Conception et mise en scène: Isabelle Lafon
Ecriture et jeu : Isabelle Lafon et Johanna Khortals Altes
Lumières : Laurent Schneegans
Genre : théâtre
Public : spectacle adulte
Durée : 1h
J’aime à voir les spectacles d’Isabelle Lafon, souvent inédits dans la thématique, toujours très exigeants dans la forme et pourtant à la portée de tous. « Je pars sans moi » est une superbe proposition autour de la folie.

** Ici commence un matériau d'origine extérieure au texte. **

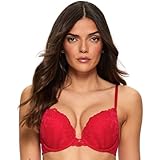 Ann Summers Sexy Lace Padded Boost Bra, A-DD Cup, Curve-Enhancing Womens Underwear with Graduated Push-Up Cups, Underwire Support & Plunge Fit for Double Cleavage Boost Red - Womens Lingerie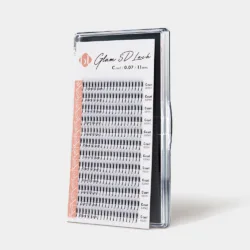 BL Lashes Glam 5D pre-made volume eyelash extensions in C curl, 0.07 mm thickness and 11 mm length, arranged in rows inside a clear lash case.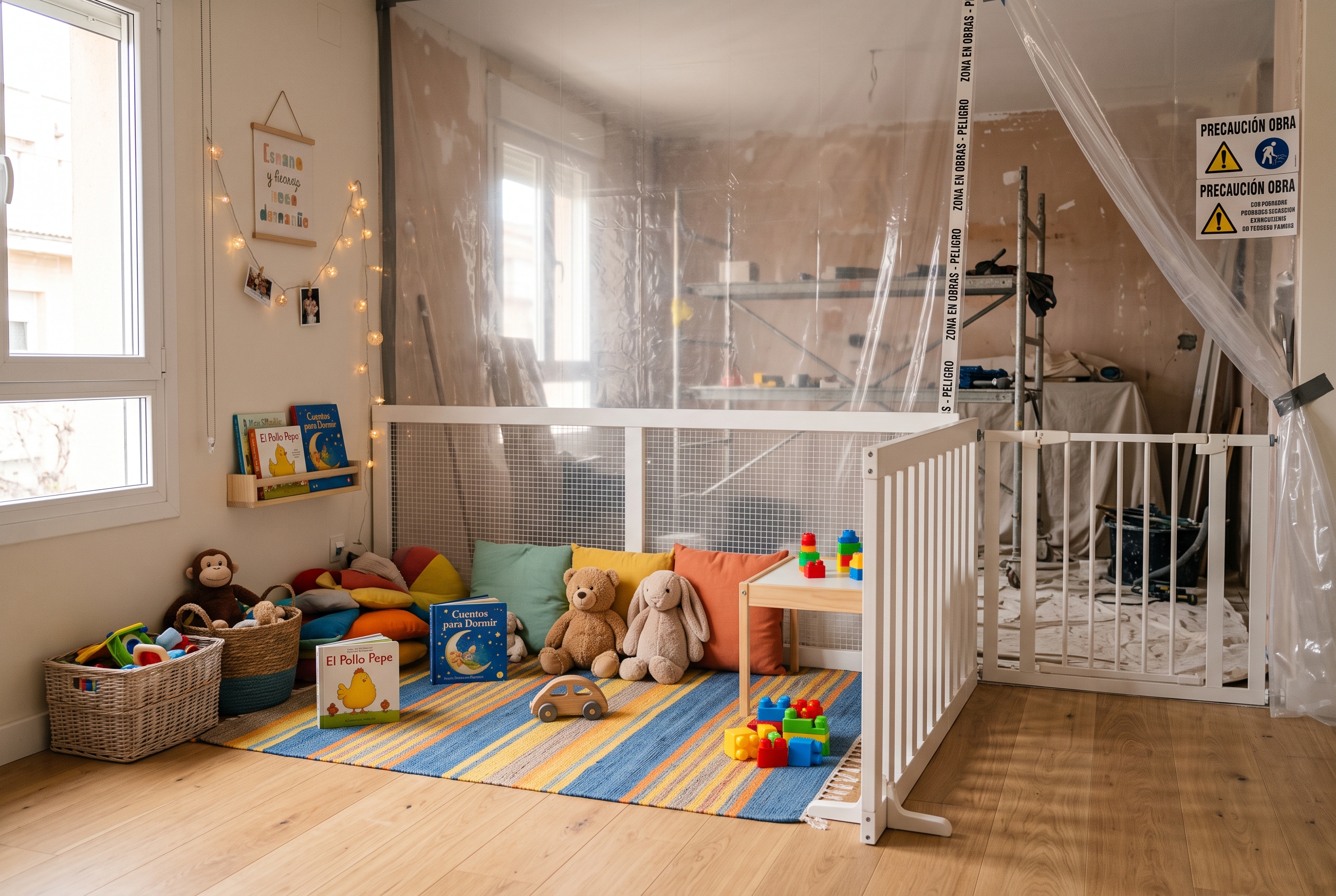 Zona protegida para niños durante una reforma en casa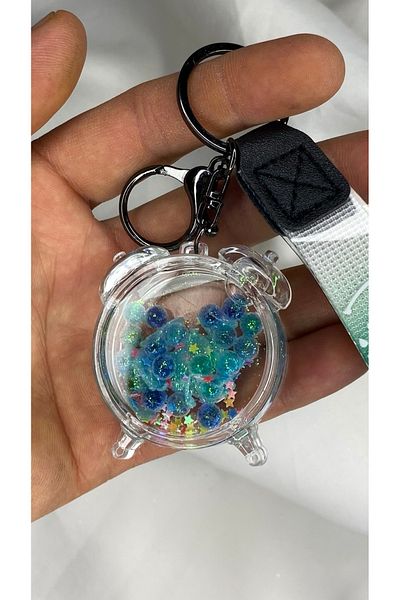 nss sky rock Alarm Clock Shaped Keychain and Bag Accessory Full of Liquid and Ornaments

La scénographie pose d’emblée le refus d'un voyeurisme spectaculaire. Le plateau est nu. A cour, une porte. Pour seul accessoire, un tabouret. La pénombre domine. Seule une lumière chaude et moirée éclaire les deux comédiennes sonorisées.
La première partie est une mise en abyme. Isabelle Lafon et Johanna Khortals Altes échangent autour du spectacle à venir sur la folie. Mais d’entrée de jeu, les mots dérivent et l’espace est décalé :
- « C’est comme si la folie était en train de faire quelque chose de nous ».
Le comédien en incarnant un autre n’est-il pas au seuil de l’expérience de la démence ? Qui plus est, la recherche documentaire pour un spectacle n’est pas sans rappeler la quête du personnage par le comédien. L’une aime s’inspirer des archives et de son grand-père chéri quand l’autre privilégie la photo au point « de glisser dans l’image ». C’est ainsi que nous plongeons dans la seconde partie du spectacle qui expose l’histoire de trois aliénées au XIX e: Mademoiselle M, Babeth et Blanche. A travers elles, nous découvrons certes une certaine poétique de la folie mais surtout la souffrance qu’elle génère. La scène où Isabelle Lafon joue les hallucinations que vit Mademoiselle M est absolument poignante. Le spectateur n’a plus qu’une seule envie : tenter de soulager. C’est le rôle du psychiatre et c’est à certains d’entre eux, précurseurs dans une prise en charge ouverte au monde, que la pièce rend hommage. En guise de conclusion, Johanna Khortals Altes entonne une danse saccadée, épuisante, étrange et belle.
« Je pars sans moi » est un spectacle très émouvant sur une problématique difficile. L’écriture, le jeu des comédiennes et la sobriété du dispositif participent à la réussite du projet.